What to do:
Make an exact copy of every entry below, with the pictures left out.

Data records:

○ ○ ○ ○ ○

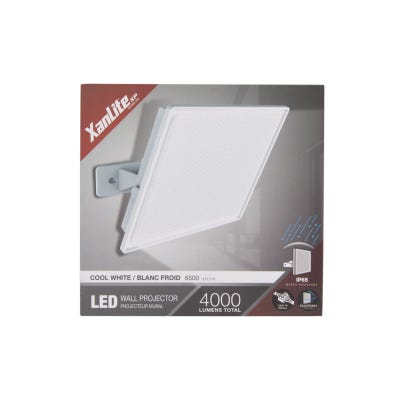 Xanlite - Projecteur LED Mural Blanc, 50 W, 4000 Lumens - PR50WMB 4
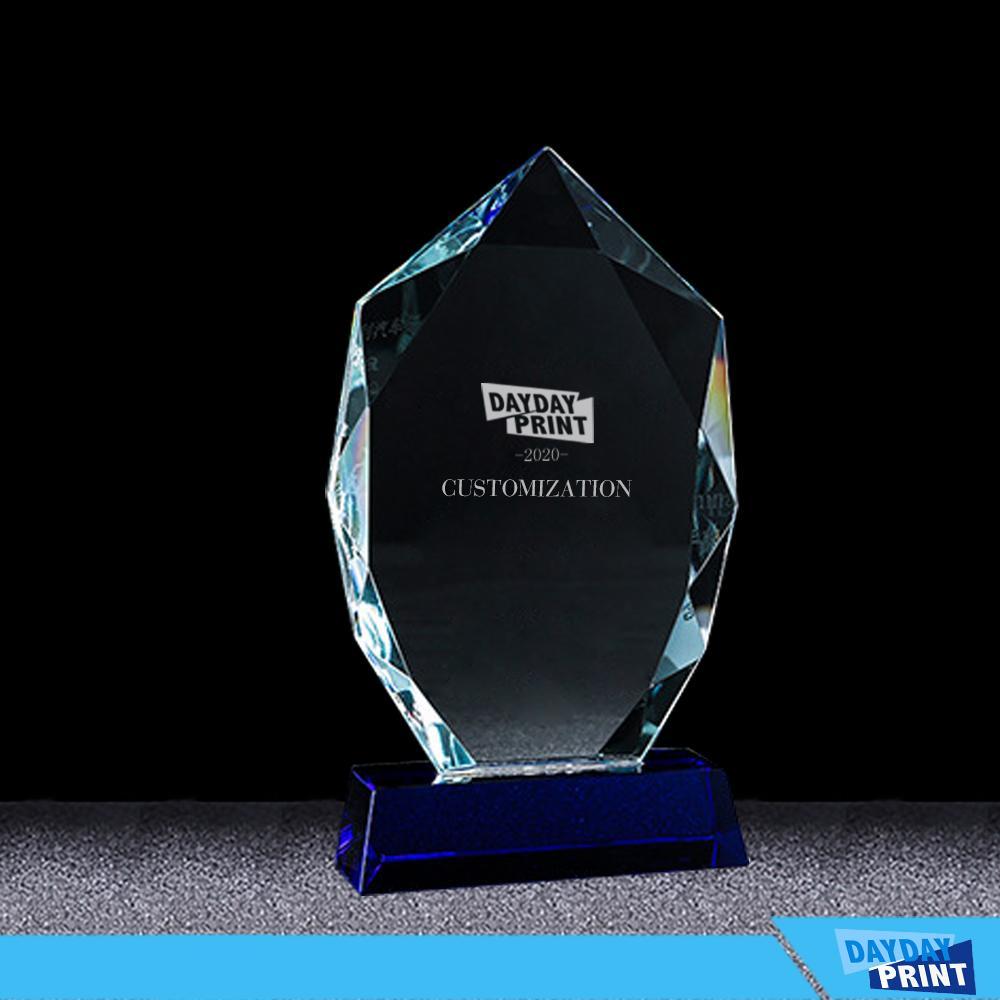 Cut Ice Shape Crystal Trophy | 多邊形創意個性冰之水晶獎杯定制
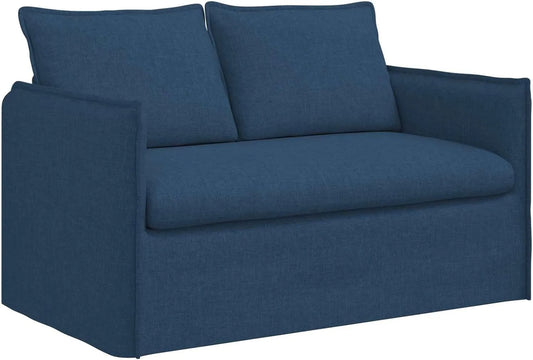 Sofa — modułowa konstrukcja, tapicerka materiałowa, z drewna, wypełnienie piankowe, 136 × 82 × 85 cm, szary, z metalu, tapicerka materiałowa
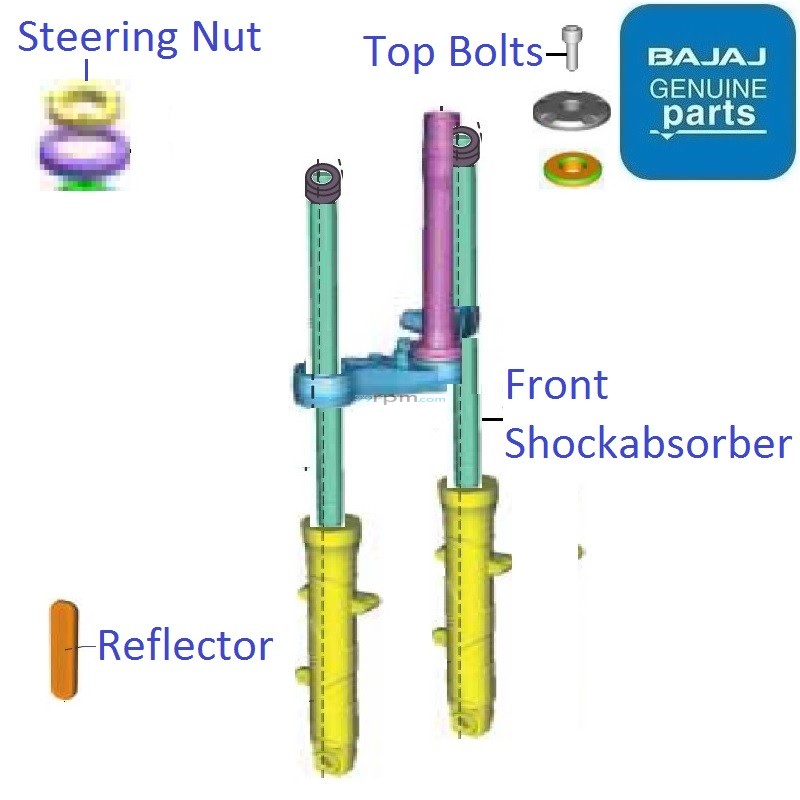 Bajaj Pulsar N250 (Twin Channel ABS, 202123) Front Suspension Fork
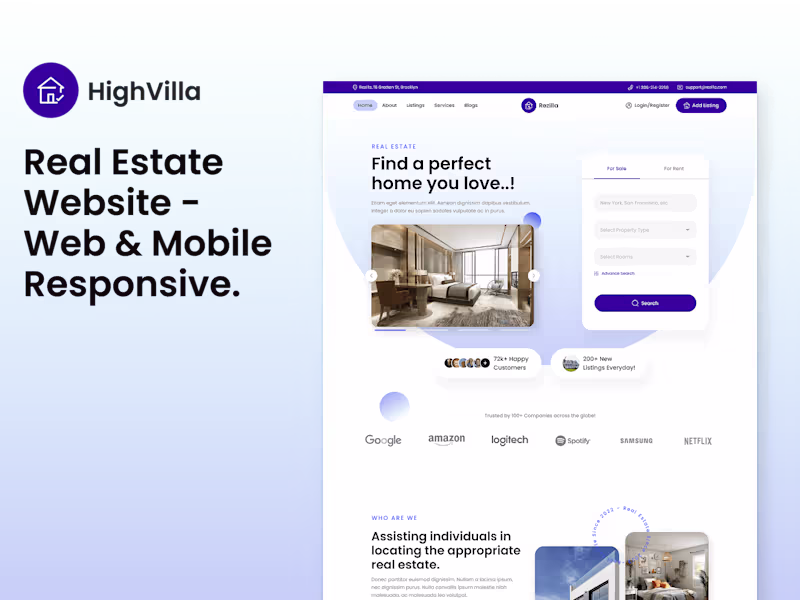 Cover image for Landing Page & Website UI Design
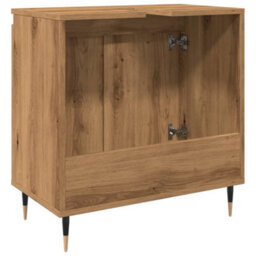 Berkfield Bathroom Cabinet Artisan Oak 58X33X60 Cm Engineered Wood - thumbnail 6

○ ○ ○ ○ ○

Finished exercise:
 Xanlite - Projecteur LED Mural Blanc, 50 W, 4000 Lumens - PR50WMB 4
 Cut Ice Shape Crystal Trophy | 多邊形創意個性冰之水晶獎杯定制
 Sofa — modułowa konstrukcja, tapicerka materiałowa, z drewna, wypełnienie piankowe, 136 × 82 × 85 cm, szary, z metalu, tapicerka materiałowa
 Bajaj Pulsar N250 (Twin Channel ABS, 202123) Front Suspension Fork
 Cover image for Landing Page & Website UI Design
 Berkfield Bathroom Cabinet Artisan Oak 58X33X60 Cm Engineered Wood - thumbnail 6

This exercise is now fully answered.